Я не успел ещё этому удивиться как следует, а меня, вставшего поздороваться, уже обхлопали ручищами, и не один Момо, а и другие знакомые моего детства и юности. Не всех я сразу узнал, всё-таки у меня неважная память на лица и имена, но это было, по большому счёту, безразлично: сдвигались столы, шипело, лиясь из кранов, пиво, юный официант, он же бармен, он же за всё, включая уборку зала (а что, зима ведь, не сезон) аж покраснел от спешки… Кстати, оказалось, что он — племянник Никиса Хали, ещё одного моего одноклассника и дружка, ныне владеющего заведением в доле со старшим братом и моим дедом.

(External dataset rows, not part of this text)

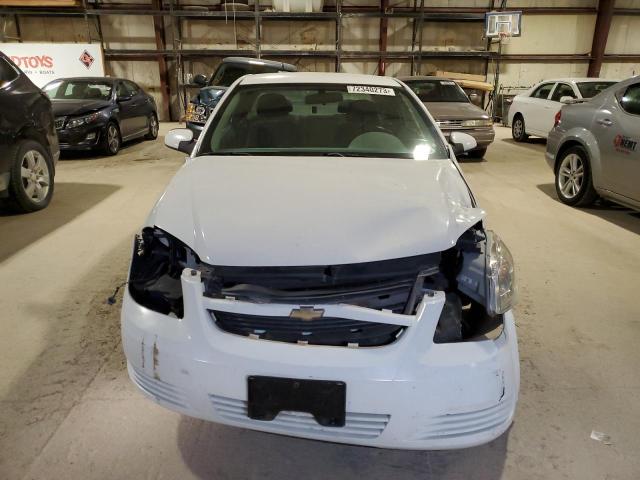 1G1AT18H797273686 - 2009 CHEVROLET COBALT LT WHITE photo 5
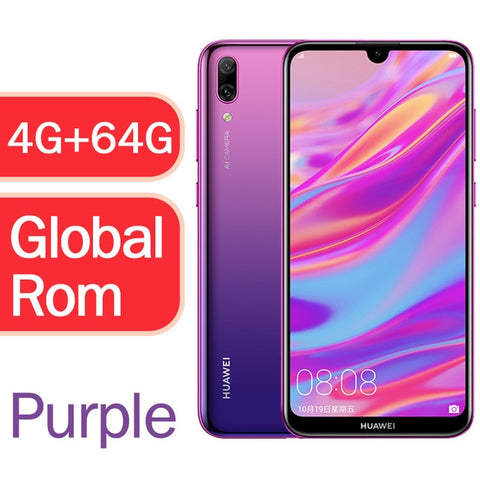 Global versions optional Original Huawei Y7 Pro 2019 Enjoy 9 Smartphone 6.26" Octa Core Android 8.1 13MP Cameras Phone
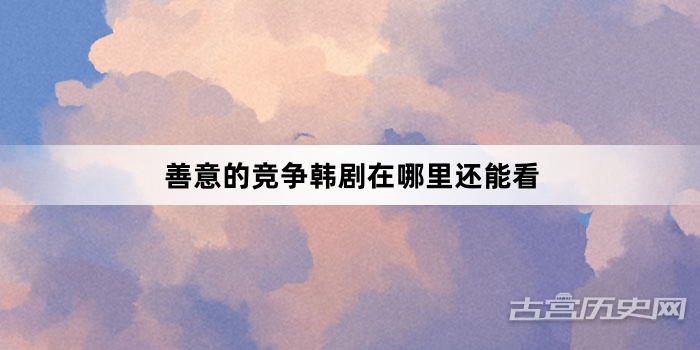 善意的竞争韩剧在哪里还能看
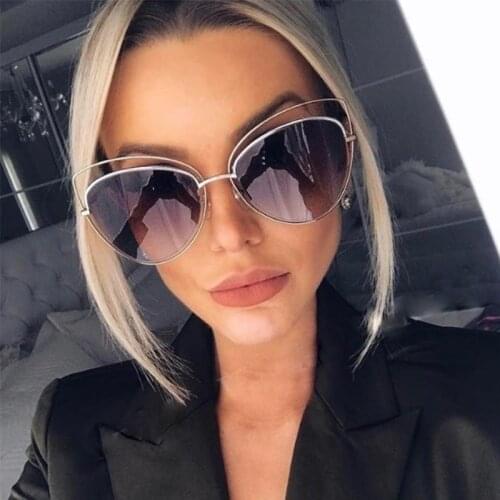 2020 New fashion Cat eye sunglasses Womens Sun UV400 Brand Design Vintage Shades Female sunglasses Retro Glasses Oculos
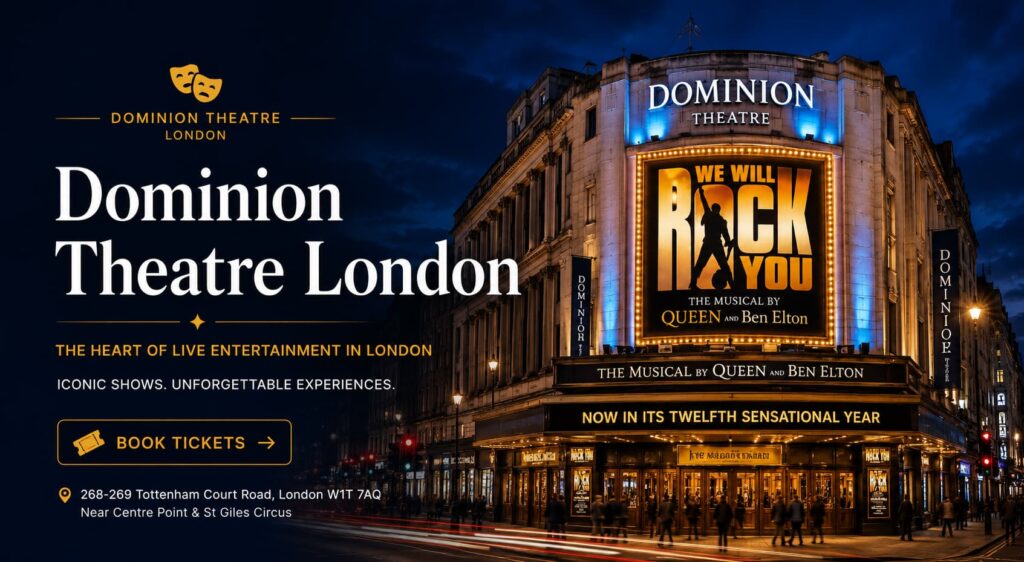 Live West End theatre performance on stage in central London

Никису уже кто-то позвонил, и не прошло десяти минут, как он присоединился к компании.

Мы долго вспоминали детство и юность. Потом зашёл разговор про нынешние дела на острове, и я узнал много нового и интересного. В основном такого, что меня огорчило: например, что Евросоюз хочет в нашем заливе строить нефтеналивной порт — отчего настанет быстрый конец нашему туризму, да и рыба ловиться, скорее всего, перестанет. Или что в Кифере закрыли консервный завод, который давал работу не только трем десяткам местных жителей, но и половине рыбаков из соседних поселений. Или — что очень расстраивало Момо Браги — то, что в городишке нашем, где раньше из преступности были разве что пьяные драки, стали пошаливать приезжие, в основном албанцы, негры и цыгане.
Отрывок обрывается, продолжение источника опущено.